## THE DATA

*** Block opens ***

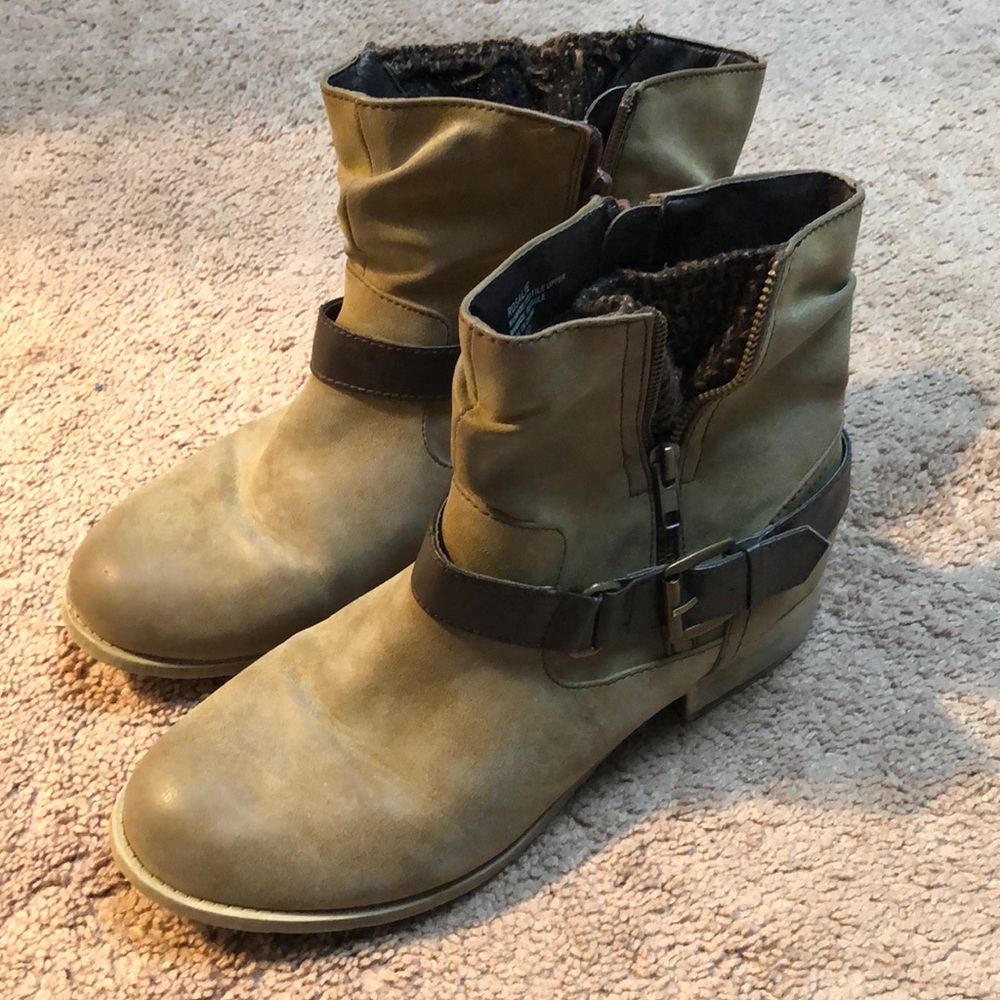 Boots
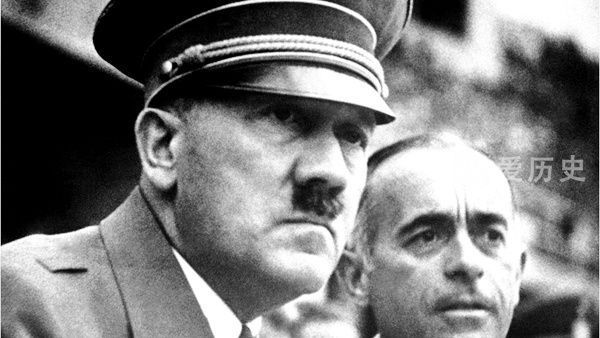 希特勒私人遗嘱中对后事的安排 强调自己始终“为人民服务”
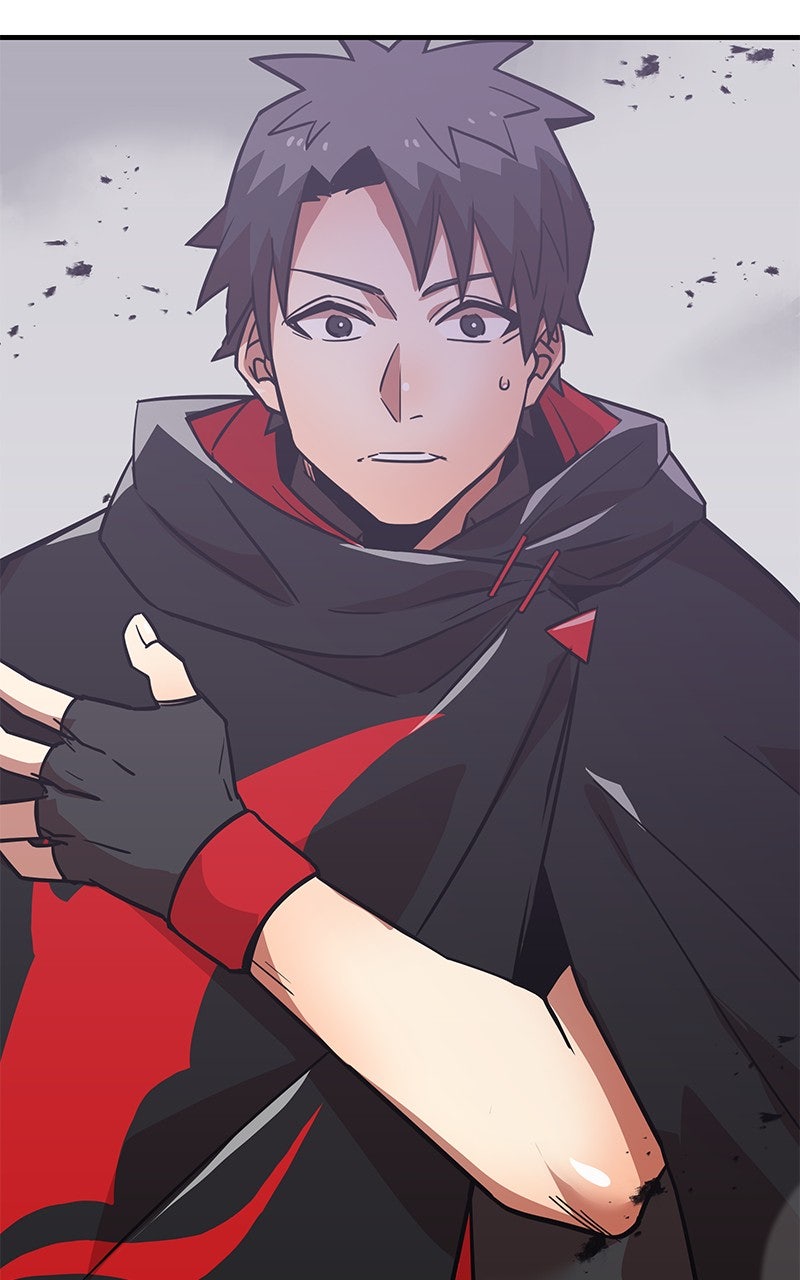 Savior ofDivine Blood Ep. 21 - Black Death 1 page 60 -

*** Block closes ***

## WORK TO BE COMPLETED
The data above, line by line: transcribe it exactly and drop the pictures.

## OUTPUT FOR THIS EXERCISE
 Boots
 希特勒私人遗嘱中对后事的安排 强调自己始终“为人民服务”
 Savior ofDivine Blood Ep. 21 - Black Death 1 page 60 -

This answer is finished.